Militari algerini in azione  al confine con la Tunisia

Sale l'allarme terrorismo in Africa del Nord, soprattutto a causa del conflitto in Libia, dove il cosiddetto Stato islamico (Is) ha la sua roccaforte a Sirte. Per contrastare la possibilità di infiltrazioni jihadiste, l'esercito algerino ha svolto ieri un 'operazione nella zona di Taza, nella provincia di Jijel, nel nord-est del Paese. Due presunti terroristi sono stati uccisi. Inoltre, l’esercito ha scoperto un arsenale di armi nella zona di Al Dabdab, nella provincia di Illizi, non lontano dal confine con la Libia. Sequestrati sette Rpg, 18 bombe, oltre a varie pistole e kalashnikov. Intanto, unità antiterrorismo della Guardia nazionale tunisina hanno arrestato a Kasserine sei jihadisti considerati pericolosi dalle forze dell’ordine.
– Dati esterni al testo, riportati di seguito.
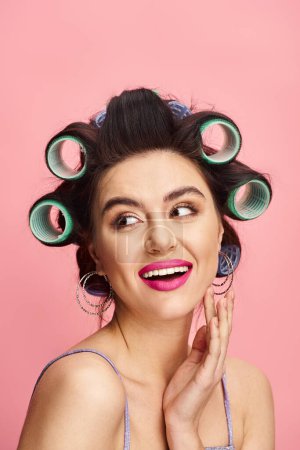 Stylish woman showcasing a beauty routine with hair curlers in her hair.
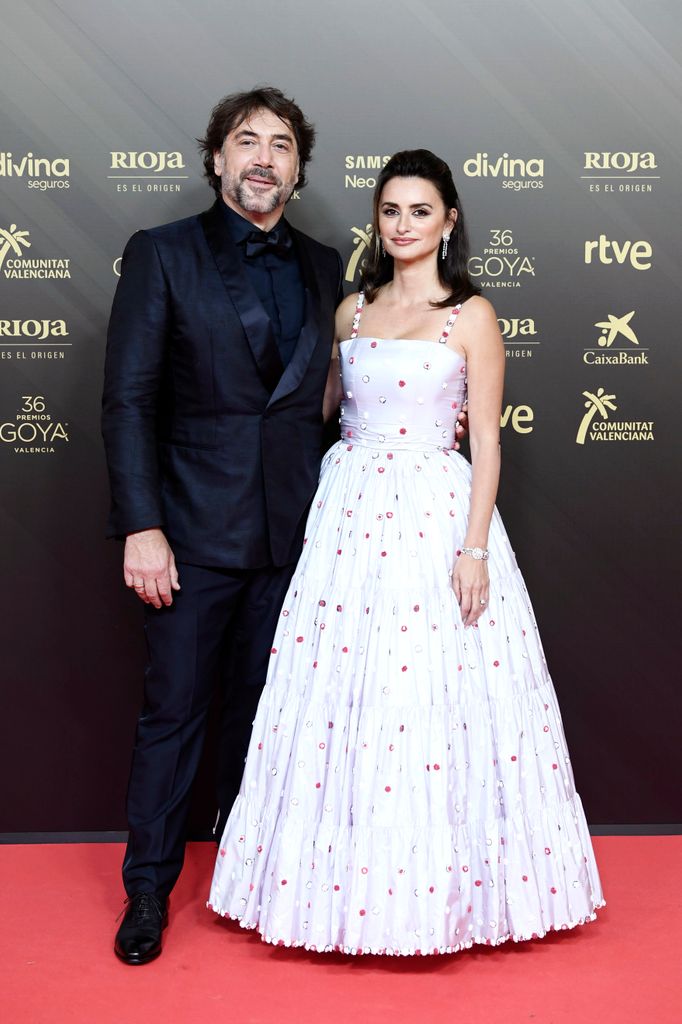 Javier Bardem on the left in a suit and Penelope Cruz on the right in a spotty dress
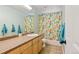 Bathroom with tile floors, wood cabinets, and a colorful owl-themed shower curtain at 879 Quintana Ln, Erie, CO 80516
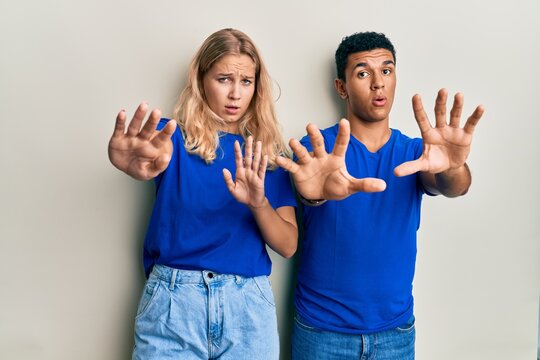Young interracial couple wearing casual clothes doing stop gesture with hands palms, angry and frustration expression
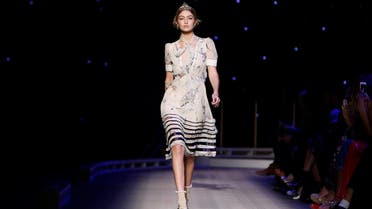 Gigi Hadid models a dress from the Tommy Hilfiger Fall 2016 collection during Fashion Week. (AP)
Lo ha reso noto in un comunicato il ministero dell’Interno di Tunisi, precisando che gli uomini arrestati erano specializzati nel trasporto in auto verso la città di Sidi Bouzid di altri terroristi rifugiatisi nei dintorni di Kasserine, non lontano dal confine algerino. Dalle accuse è emerso che i sei assicuravano inoltre ai membri dei gruppi terroristici della zona supporto finanziario e informazioni sui movimenti delle forze dell’ordine nella regione.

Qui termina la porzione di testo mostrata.